Last week, Kate, Fernanda, the Matts and I produced a slightly botched bit of overambitious interactive television. High Brow/Low Brow, the game show/talk show where serious topics are discussed in a not so serious way.
The most successful parts of the show were the writing and performance, which carried the show through technical difficulties. The live video switcher was also successful, however, it’s success was only barely legible as we were unable to stream it or show it live on a larger monitor, as we had intended. We had 4 cameras with mapped out camera angles for our live set. We also had an opening sequence, theme song, and graphics that we displayed in the studio on a screen.
The vision was to stream the final video signal live to the classroom, and to stream live audio signal as well. We didn’t foresee that the webcams we were using would not be able to read the words were projecting in the studio. That was a concern, and the main reason we decided to have the class come into our studio with us.
We had designed slides, as well as audio and video material that was to be projected in the studio. I set up a google voice account which texts were sent to with word suggestions and votes. We were going to sequence it in Isadora, which we really should have done. With Isadora, it’s easy to send an edited sequence of media, while viewing and working on your desktop. I, the operator, was intending to copy and paste user suggestions into a photoshop slide, then swap it into our Isadora project before projecting it.
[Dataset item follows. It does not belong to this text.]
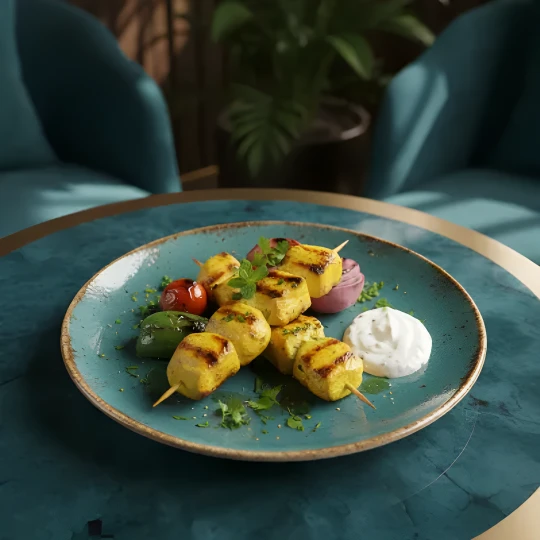 yellow grilled chicken skewers with char marks on teal plate with green vegetables, red tomatoes, purple mash, white sauce, and blurred teal chairs background.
We ended up using Keynote, which does not allow you to use your computer at the same time as displaying slides. We also used a computer on which the photoshop file was not created. It turned, that I couldn’t edit the photoshop slide I’d made and had no way of displaying the audience suggestions.
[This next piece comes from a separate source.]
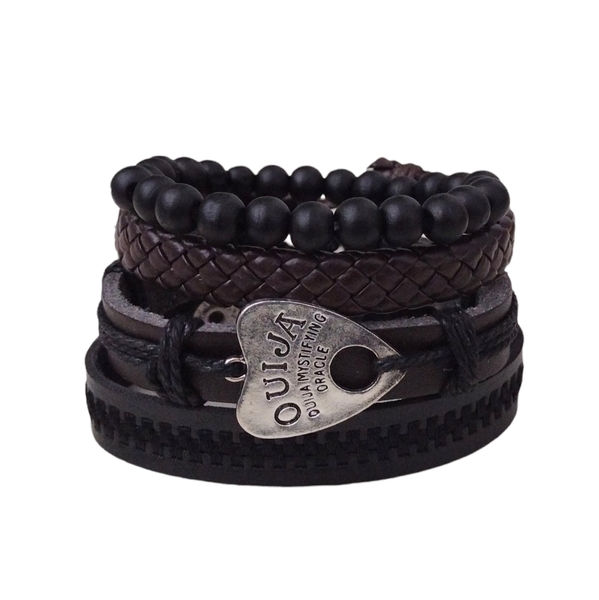 Ouija Multilayer Bracelet Set - brown/black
We decided to use google voice instead of setting up textmarks the way we did in class because the plan was for an operator to curate the list, and we had other technical things we were aiming for. If we had done it that way, and had it output the same way our slide was set up, the user interaction would have been smoother, however, we were concerned that the two contestants have separate, similarly matched lists. Our show could be totally successful by the end of the semester.
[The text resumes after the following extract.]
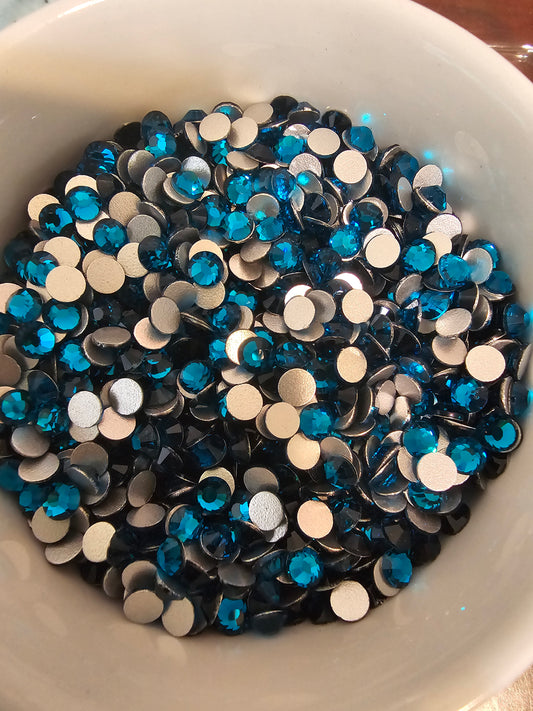 Peacock Blue Glass Rhinestones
I used to watch Monday Night Football every Monday as a child. I had a black and white TV in my room that only got one channel, it was ABC, and that was what was on. And I really enjoyed it. I was in with the boys the next day in class, and in with my uncle if he wanted to watch the game when he came to visit.
Last weekend, I watched the Giants vs. Redskins game with a bunch of drinking friends. Most of whom were from Maryland/D.C. area and had a vested interest in the outcome. The NFL already has a pretty great interactive element – I mean Fantasy Football. I don’t play, but I watched The League and can definitely see myself playing, if football were a bigger part of my social life.
So, any interaction to be added to the existing framework of live NFL broadcasts should build on social experiences that are already working:
fantasy football participation/players as characters, game pieces
drinking with friends/watching as party
I love that fantasy football is a game that plays on top of the game, but it’s a full season commitment. I wonder if you could collapse that idea to a single game.
I imagine a breathalyzer device that communicates with the TV/computer. Friends get together for a party to watch their preferred match, sign in and choose avatars (players in the game). Possibly an individual player, or a mini team comprised of players in the game. The party game would be scored by the computer program and would be based on how the players in the game did (fantasy football scoring?), but also on the gamer’s breathalyzer scores which would be taken every 10 minutes or so. So the gamer is actually a participant in the game and can help their failing team, while dulling the pain of their failures, by getting shwasted.